The worst-case scenario is that a college admissions staffer will politely tell you no, in which case you are in no worse position than not asking at all (presuming that you yourself are kind and courteous when making the request.) And if you send out this type of e-mail to 5+ institutions, I can almost guarantee that you will receive a few yeses.
The most likely scenario is that you will be well compensated for showing some initiative. Almost every academic institution is at a point right now in which they are trying to solicit applicants–heck, college admissions staffs at some schools receive compensation that is in part tied to the exclusivity of the incoming class, meaning that such a staffer has an incentive to grant your fee waiver request.
In recent years, schools have begun to host conferences and meet-and-greets with high schools in a targeted area with the hope of increasing the size of the applicant pool. Students who attend such conferences often receive fee waivers as a reward for listening to a two-hour speech about the merits of a given college. The cycle is at a point where colleges are bending over backwards to get more students to apply to their school, and it has arguably never been easier to receive a fee waiver.
You should note that the above analysis refers only to the college-initiated fees, and does not cover the College Board costs of sending out your standardized test scores to the institutions that you request. To receive a College Board waiver, you do need to economically qualify, and the above advice about making a general request does not apply to them.

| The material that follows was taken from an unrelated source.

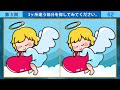 間違い探し │ 毎日の脳活に役立つ動画！集中力アップ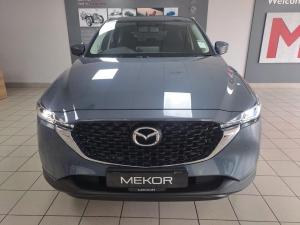 Mazda CX-5 2.0 Active - Image 5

The transactional costs of applying to college can be needlessly high. If you aim to apply to close to ten schools, you are looking at a four figure-bill if you accept all the default fee terms. But there are things you can do, which require minimal time expenditure, that can cut the total cost of applying to a few hundred dollars. Pay attention to the schools that do not charge to apply. Pay attention to local conferences in which schools grant fee waivers if you attend. Receive a document from your high school counselor noting that you’re requesting a fee waiver. And then, just ask. Few students think to ask for a fee waiver when applying to college, and the results of doing so are likely more beneficial to you than you’d initially think.